It Took Home Alone Fans A Long Time To Realize Angels With Filthy Souls Is A Fake Movie
The holiday classic "Home Alone" is one of the most beloved films of the '90s. Starring Macaulay Culkin as the mischievous lead, Kevin McCallister, the film follows the 8-year-old's unexpected staycation after his busy family hops on a plane for a Christmas trip to Paris without realizing he isn't with them.
Throughout the film, Culkin's character fakes out a pair of bumbling thieves (played by Joe Pesci and Daniel Stern) who are staking out his family's brightly-lit house. One of the most memorable scenes comes as Kevin pops in a VHS tape and loudly plays an old, black, and white gangster flick on the TV in an attempt to scare off the robbers. The vintage film, called "Angels With Filthy Souls," features a gangster firing off gunshots before saying the iconic line, "Keep the change, you filthy animal!" That scene is enough to scare off the would-be robbers, who are listening outside of the McCallister door and think they are hearing real gunfire.
For years, fans wondered where to find the full movie within the "Home Alone" movie (per The Wrap). And for some, it took decades to realize that "Angels With Filthy Souls" wasn't a real movie at all.

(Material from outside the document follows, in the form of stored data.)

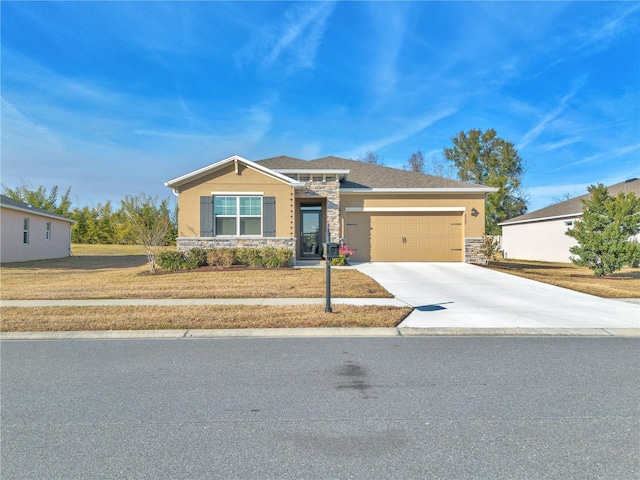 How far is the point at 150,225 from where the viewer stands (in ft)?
52.4

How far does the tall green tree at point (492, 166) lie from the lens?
122 ft

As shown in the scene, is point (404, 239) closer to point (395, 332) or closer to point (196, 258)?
point (196, 258)

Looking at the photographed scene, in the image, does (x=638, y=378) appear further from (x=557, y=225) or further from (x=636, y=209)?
(x=557, y=225)

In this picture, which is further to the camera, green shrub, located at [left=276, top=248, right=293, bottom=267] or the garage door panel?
the garage door panel

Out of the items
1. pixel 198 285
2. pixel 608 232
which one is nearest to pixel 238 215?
pixel 198 285

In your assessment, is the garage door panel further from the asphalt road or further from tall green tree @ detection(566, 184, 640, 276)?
the asphalt road

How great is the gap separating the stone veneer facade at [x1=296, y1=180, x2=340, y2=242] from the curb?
10460 mm

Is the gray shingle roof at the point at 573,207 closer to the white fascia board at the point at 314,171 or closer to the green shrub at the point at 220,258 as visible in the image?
the white fascia board at the point at 314,171

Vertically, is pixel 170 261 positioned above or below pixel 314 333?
above

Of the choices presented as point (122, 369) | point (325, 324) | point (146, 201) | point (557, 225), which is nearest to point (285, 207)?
point (146, 201)

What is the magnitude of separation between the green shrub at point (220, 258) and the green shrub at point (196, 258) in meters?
Result: 0.20

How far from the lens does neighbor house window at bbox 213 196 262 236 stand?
15.9 m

Home Alone star Macaulay Culkin didn't realize Angels with Filthy Souls wasn't an actual movie
Many movie fans were long under the impression that "Angels With Filthy Souls" was a real movie. After a Collider article named it as one of the top "movies within a movie," a Reddit thread popped up with comments from movie fans who had been clueless. "For most of my childhood I thought that this was a real movie—they nail the 40s noir aesthetic so well that I was convinced that it was some obscure classic my whole life [until I discovered IMDb]," one Redditor wrote. "I thought that movie was a real movie for years," another agreed. "I was [and am 46] when I learned it. Like just now," added another.

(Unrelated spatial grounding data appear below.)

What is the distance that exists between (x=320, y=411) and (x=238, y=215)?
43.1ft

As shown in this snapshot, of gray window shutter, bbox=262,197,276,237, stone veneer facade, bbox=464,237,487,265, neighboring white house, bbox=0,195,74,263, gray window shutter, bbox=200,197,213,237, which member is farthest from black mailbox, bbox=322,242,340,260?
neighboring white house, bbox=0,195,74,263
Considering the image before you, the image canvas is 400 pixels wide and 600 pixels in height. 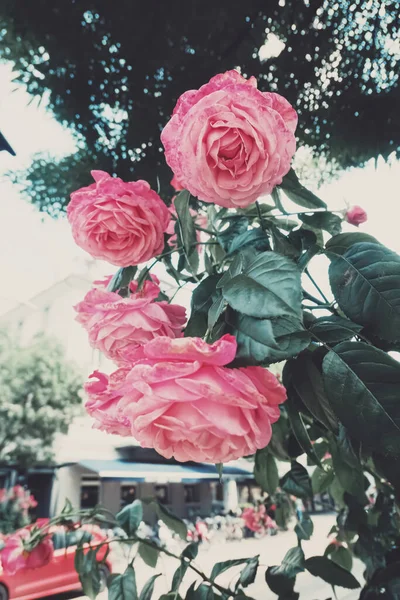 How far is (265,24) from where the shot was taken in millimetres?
665

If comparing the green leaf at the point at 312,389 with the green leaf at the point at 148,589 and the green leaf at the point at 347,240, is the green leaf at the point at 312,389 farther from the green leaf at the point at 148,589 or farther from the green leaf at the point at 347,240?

In 2018, actor Seth Rogen tweeted that for his "entire childhood" he thought the old-time movie in "Home Alone" was real. And he wasn't alone. Even the movie's star, Macaulay Culkin, replied to Rogen's tweet to admit that he always thought the clip was from a real Hollywood flick.
According to Vanity Fair, "Angels With Filthy Souls" was created just for "Home Alone" and was filmed inside a vacant high school gym in a one-day shoot. Art director Dan Webster said the only reason the mini-movie was even given a name was to label the VHS tape Kevin McCallister played. In an interview with the Hollywood Reporter, cinematographer Julio Macat revealed that the faux film was meant to be an homage to the 1938 James Cagney, Humphrey Bogart classic, "Angels With Dirty Faces." "We just wanted the feel of a classic gangster film," he said. Based on the immense fan confusion, mission accomplished.